BEIJING — China’s ruling Communist Party has proposed removing a limit of two consecutive terms for the country’s president and vice president, the country’s official news agency said Sunday.
The move, if approved, appears to lay the groundwork for party leader Xi Jinping to rule as president beyond 2023.
The party’s Central Committee proposed to remove from the constitution the expression that China’s president and vice president ‘‘shall serve no more than two consecutive terms,’’ the Xinhua News Agency said in a brief report. It provided no further details.
The announcement came before the party’s Central Committee was to begin a three-day meeting in Beijing on Monday to discuss major personnel appointments and other issues.
Xi’s status as the most powerful Chinese leader in a generation was cemented at last year’s party congress, where he was given a second five-year term as general secretary.
Ahead of the party congress, Xi had been shoring up his authority and sidelining rivals, leaving him primed to press his agenda of tightened state control and muscular diplomacy. That included a push to insert his thoughts on theoretical matters into the party constitution and further cultivate a burgeoning cult of personality that could allow him to hold on to power beyond his second term.
The son of a famed communist elder, Xi rose through the ranks to the position of Shanghai’s party leader before being promoted to the all-powerful Politburo Standing Committee in 2007.
When Xi did assume the top spot in 2012, it was as head of a reduced seven-member committee on which he had only one reliable ally, veteran Wang Qishan. He put Wang in charge of a sweeping anti-corruption crackdown that helped Xi eliminate challengers, both serving and retired, and cow potential opponents.

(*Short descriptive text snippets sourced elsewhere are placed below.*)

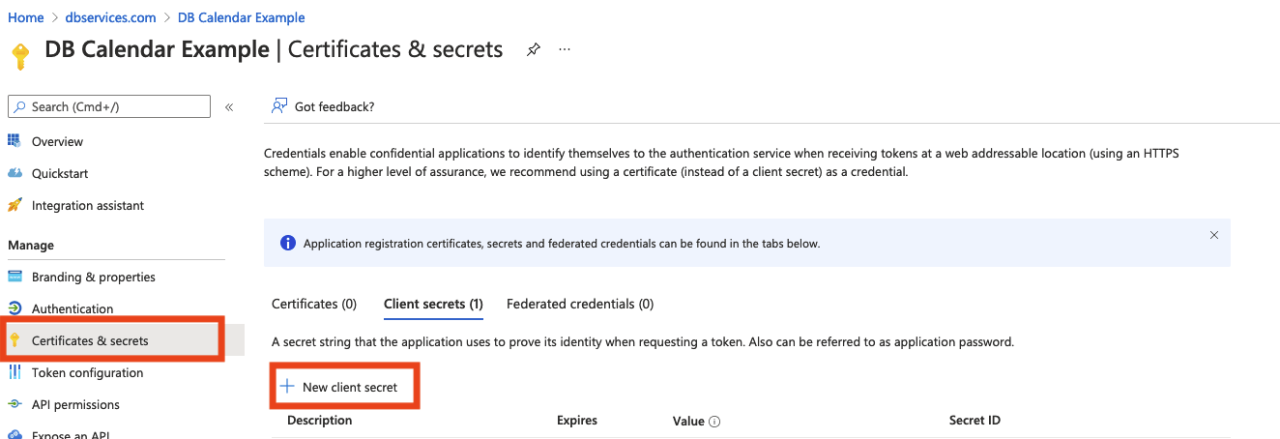 Microsoft app certificates and secrets.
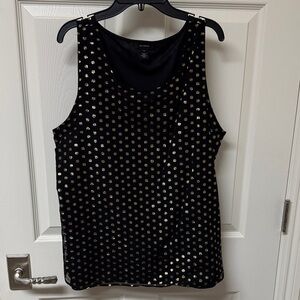 Halogen Black Tank Top with Gold Dots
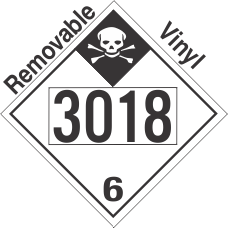 Inhalation Hazard Class 6.1 UN3018 Removable Vinyl DOT Placard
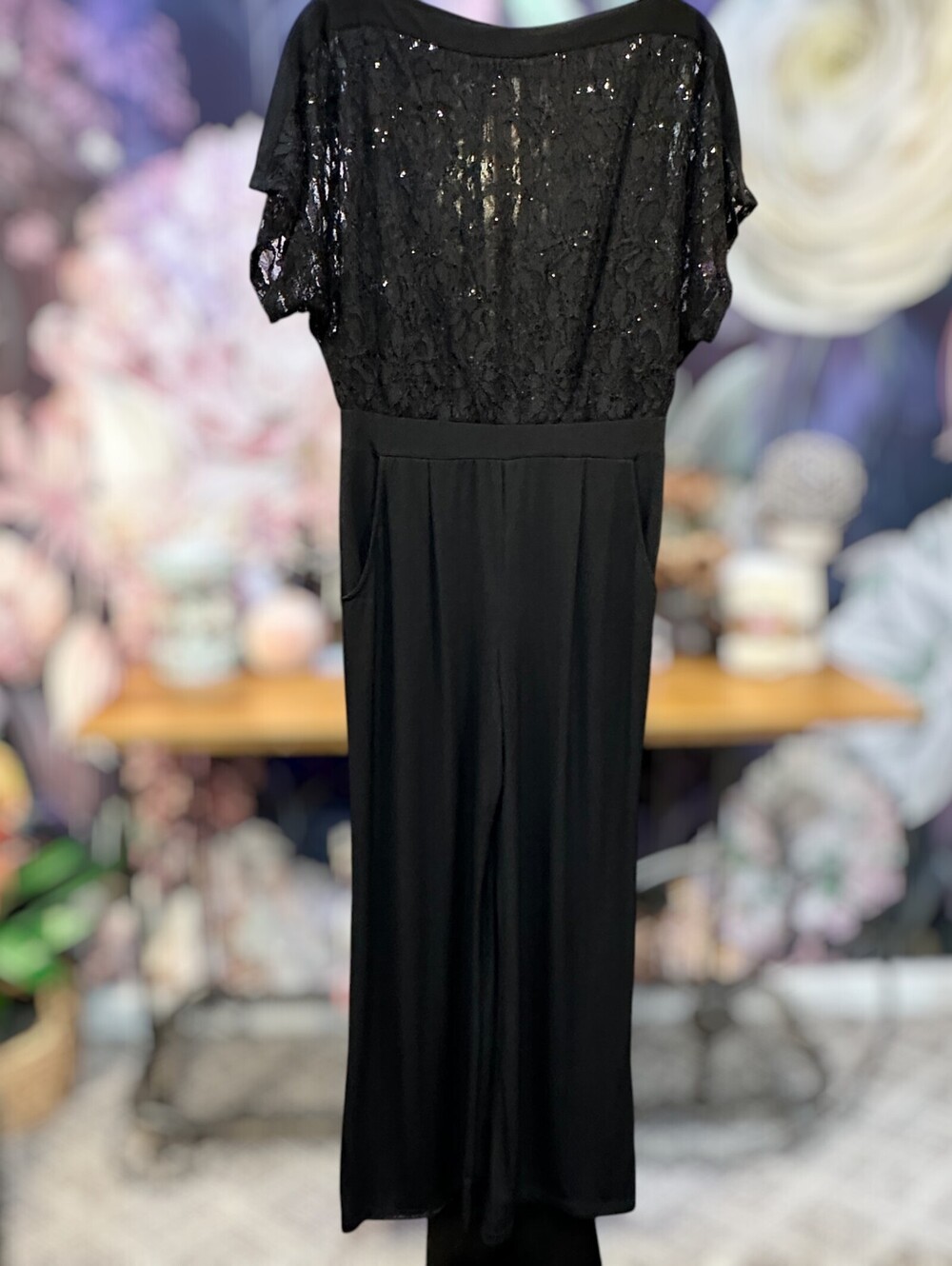 Ronni Nicole 8 Black Sequin Lace Wide Leg Stretch Jumpsuit Evening Glam Back Zip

Xi, whose titles include head of the armed forces, has lavished attention on the military with parades and defense budget increases. But he’s also led a crackdown on abuses and a push to cut 300,000 personnel from the 2.3 million-member People’s Liberation Army, underscoring his ability to prevail against entrenched interests.
At the same time, Xi has added to his resume additional titles as leader of more than a half dozen special commissions overseeing areas from national security to foreign policy.
In a move carrying enormous symbolic weight, Xi last year took on the mantle of ‘‘core’’ of the party leadership, elevating him above his peers in a manner redolent of communist China’s founder, Mao Zedong.